What really sets this album apart are the slower tunes that showcase Mike and Evan’s most recent obsession, the pedal steel guitar. “Magnifique” sounds like Phil Spector after smoking a doobie in Hawaii, and “Drift” conjures up a 5:00 AM Santo & Johnny outtake from that one time they recorded at Lee Perry’s Black Ark studio in the ’70s.
“We both like Santo & Johnny since forever, but we got into some other slide players when we were working on the record,” Evan says, explaining how while looking for talk-box videos they stumbled upon a video of “Stringy,” a talking guitar invented and played by pedal steel innovator Alvino Rey. “He invented the talking steel guitar,” Mike explains. “Basically, an early talk box. He would play and a tube would come out of a guitar and his wife would be behind the curtain with the tube in her mouth mouthing the words.” The duo went deep, acquiring the original instruments and even Alvino Rey’s instructional book. Evan says, “His expectations for the students reading his book are so astronomically high.”

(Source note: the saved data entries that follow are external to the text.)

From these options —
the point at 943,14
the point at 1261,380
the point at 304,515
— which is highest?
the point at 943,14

“I Will Return,” an unlikely cover tune from 1971, is another vehicle for their pedal steel guitar obsession.While friends and fans often suggest a band or song with an alleged similarity to Ratatat’s sound, most of the time, the duo are either insulted or confused by the comparison. English one-man-band Phil Cordell, who recorded as Springwater, was an exception; his music is uncannily similar to Ratatat’s guitar-driven, languid, and melodic style. “There’s a handful of songs that we’ve found over the years that really feel like our style and our songs that we really like,” Evan says about this first experimentation covering other people’s songs. “It would be pretty cool to collect them in one place.”

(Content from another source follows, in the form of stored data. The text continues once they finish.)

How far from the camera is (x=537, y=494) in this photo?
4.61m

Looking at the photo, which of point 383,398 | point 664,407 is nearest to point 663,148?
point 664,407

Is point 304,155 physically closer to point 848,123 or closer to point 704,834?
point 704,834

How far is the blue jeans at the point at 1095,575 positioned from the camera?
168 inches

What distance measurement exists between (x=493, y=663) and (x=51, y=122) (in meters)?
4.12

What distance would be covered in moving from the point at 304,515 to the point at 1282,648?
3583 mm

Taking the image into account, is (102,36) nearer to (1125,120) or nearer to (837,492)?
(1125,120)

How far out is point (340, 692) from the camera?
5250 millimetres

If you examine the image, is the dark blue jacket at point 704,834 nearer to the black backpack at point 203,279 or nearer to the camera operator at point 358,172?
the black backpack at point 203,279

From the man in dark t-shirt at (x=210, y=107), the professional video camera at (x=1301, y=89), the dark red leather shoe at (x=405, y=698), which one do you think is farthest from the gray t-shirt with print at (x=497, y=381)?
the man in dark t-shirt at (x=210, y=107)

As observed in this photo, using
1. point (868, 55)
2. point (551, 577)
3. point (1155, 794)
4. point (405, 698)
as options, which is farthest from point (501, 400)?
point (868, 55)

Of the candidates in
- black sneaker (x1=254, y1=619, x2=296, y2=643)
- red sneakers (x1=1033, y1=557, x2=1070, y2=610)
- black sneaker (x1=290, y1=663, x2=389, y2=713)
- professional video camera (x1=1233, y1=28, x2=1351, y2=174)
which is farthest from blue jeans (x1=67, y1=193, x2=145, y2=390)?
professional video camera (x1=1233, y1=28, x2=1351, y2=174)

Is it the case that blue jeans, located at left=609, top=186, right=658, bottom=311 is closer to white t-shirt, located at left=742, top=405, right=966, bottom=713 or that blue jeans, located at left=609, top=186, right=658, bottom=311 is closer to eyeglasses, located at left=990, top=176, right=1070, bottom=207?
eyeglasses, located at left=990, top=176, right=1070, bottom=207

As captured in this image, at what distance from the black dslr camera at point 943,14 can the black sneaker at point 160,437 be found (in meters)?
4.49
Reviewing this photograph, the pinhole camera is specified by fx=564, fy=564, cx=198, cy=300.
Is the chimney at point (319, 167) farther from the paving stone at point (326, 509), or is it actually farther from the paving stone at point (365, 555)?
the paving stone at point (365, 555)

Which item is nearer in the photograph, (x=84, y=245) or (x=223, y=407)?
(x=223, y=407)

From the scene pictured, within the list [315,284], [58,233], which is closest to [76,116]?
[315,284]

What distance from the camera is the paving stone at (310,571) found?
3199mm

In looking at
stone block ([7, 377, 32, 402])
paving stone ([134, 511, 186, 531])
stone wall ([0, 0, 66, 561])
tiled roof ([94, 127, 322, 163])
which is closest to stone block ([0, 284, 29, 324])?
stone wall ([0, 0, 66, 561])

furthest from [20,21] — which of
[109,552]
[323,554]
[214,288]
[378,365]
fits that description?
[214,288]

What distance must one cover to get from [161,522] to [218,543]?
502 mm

With no vocals, it’s all about making interesting sounds and interesting tones, something that’s memorable.
As I’m completing this draft, I received a text that the album art for Magnifique has been cleared. It’s a collage of dozens of black-and-white portraits made by Mike and Evan while writing and recording at the Long Island beach house, similar in style to the hand-drawn covers for the two remix albums, which Evan drew. In order to approve the proposed cover, XL had to identify and clear the likenesses of all of these drawings inspired by photos from newspapers, memories, and family members, the largest and most immediately recognizable being Roy Orbison.
“We both love pop music,” Mike says, “music with singing so much, like the Kinks or something like that, and I feel like we have that sensibility of that kind of songwriting, because we try to think of a vocal element as an instrument instead of a voice.” The pop-culture contrarians that they are, making the music the way everyone else does just doesn’t appeal to them. “When sounds are too normal for us, we get really bored, because that’s our palette,” Mike explains.

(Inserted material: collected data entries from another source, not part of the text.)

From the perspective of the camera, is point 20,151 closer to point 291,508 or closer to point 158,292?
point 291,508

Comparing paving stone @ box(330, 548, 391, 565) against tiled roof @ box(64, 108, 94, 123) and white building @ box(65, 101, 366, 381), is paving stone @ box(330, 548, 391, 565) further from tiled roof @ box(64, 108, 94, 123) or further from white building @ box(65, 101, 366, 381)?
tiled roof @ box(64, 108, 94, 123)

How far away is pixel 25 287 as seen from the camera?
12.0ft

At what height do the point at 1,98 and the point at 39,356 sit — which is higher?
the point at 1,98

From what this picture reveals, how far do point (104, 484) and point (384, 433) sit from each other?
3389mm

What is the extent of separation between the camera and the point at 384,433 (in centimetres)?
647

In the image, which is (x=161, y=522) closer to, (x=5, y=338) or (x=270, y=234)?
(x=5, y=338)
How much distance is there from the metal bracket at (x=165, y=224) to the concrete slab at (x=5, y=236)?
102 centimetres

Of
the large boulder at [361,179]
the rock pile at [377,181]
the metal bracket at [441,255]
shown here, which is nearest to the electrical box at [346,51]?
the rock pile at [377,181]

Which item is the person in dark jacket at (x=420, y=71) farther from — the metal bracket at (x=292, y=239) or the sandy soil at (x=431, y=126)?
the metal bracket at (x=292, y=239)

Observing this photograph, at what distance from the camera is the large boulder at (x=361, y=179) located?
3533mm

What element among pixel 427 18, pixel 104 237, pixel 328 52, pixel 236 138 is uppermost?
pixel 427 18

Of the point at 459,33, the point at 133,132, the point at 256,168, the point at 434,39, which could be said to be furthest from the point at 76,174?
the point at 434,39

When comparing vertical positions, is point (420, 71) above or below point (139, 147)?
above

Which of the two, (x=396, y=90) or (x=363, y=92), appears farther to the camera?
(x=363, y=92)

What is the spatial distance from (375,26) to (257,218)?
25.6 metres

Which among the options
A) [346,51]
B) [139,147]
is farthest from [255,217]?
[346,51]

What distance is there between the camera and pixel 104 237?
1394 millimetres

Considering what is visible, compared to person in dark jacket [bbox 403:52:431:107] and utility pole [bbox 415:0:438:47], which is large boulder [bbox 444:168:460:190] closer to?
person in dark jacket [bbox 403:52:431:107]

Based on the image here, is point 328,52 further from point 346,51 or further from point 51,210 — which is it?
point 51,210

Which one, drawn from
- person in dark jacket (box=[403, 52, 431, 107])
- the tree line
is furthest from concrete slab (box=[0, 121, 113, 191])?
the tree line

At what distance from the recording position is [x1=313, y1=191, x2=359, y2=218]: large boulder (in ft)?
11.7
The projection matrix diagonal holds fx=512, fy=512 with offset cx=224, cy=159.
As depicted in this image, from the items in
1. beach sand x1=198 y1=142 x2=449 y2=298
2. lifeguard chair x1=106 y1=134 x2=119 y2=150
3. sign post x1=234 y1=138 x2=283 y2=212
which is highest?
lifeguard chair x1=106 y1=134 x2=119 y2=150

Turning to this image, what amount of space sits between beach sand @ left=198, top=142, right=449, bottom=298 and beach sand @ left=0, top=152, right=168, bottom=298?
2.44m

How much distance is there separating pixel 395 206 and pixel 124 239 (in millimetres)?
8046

In today’s vocal-dominated pop landscape, to attempt a sustainable music career without vocals is akin to starting a tape-only record label, novel at best. “It seems like a really obvious thing to do for me,” Evan says. “If you’re not a singer, make songs that are fun and instrumental. It seems like every instrumental band does these long, boring, soundtracky songs, and if you look back at the history of music, there’s a lot more pop-instrumental groups like the Ventures, Herb Alpert. I think probably a lot of people like the song we did with Kid Cudi better than everything we’ve done as an instrumental, and that’s too bad. There’s a lot of people who aren’t really willing to give instrumental music a chance, but in that context, they can get into Ratatat because there’s a guy singing on it. It is what it is, but I don’t feel like we need to chase that. I think our music is stronger as instrumental music, and there are enough people who agree that we can make it viable.”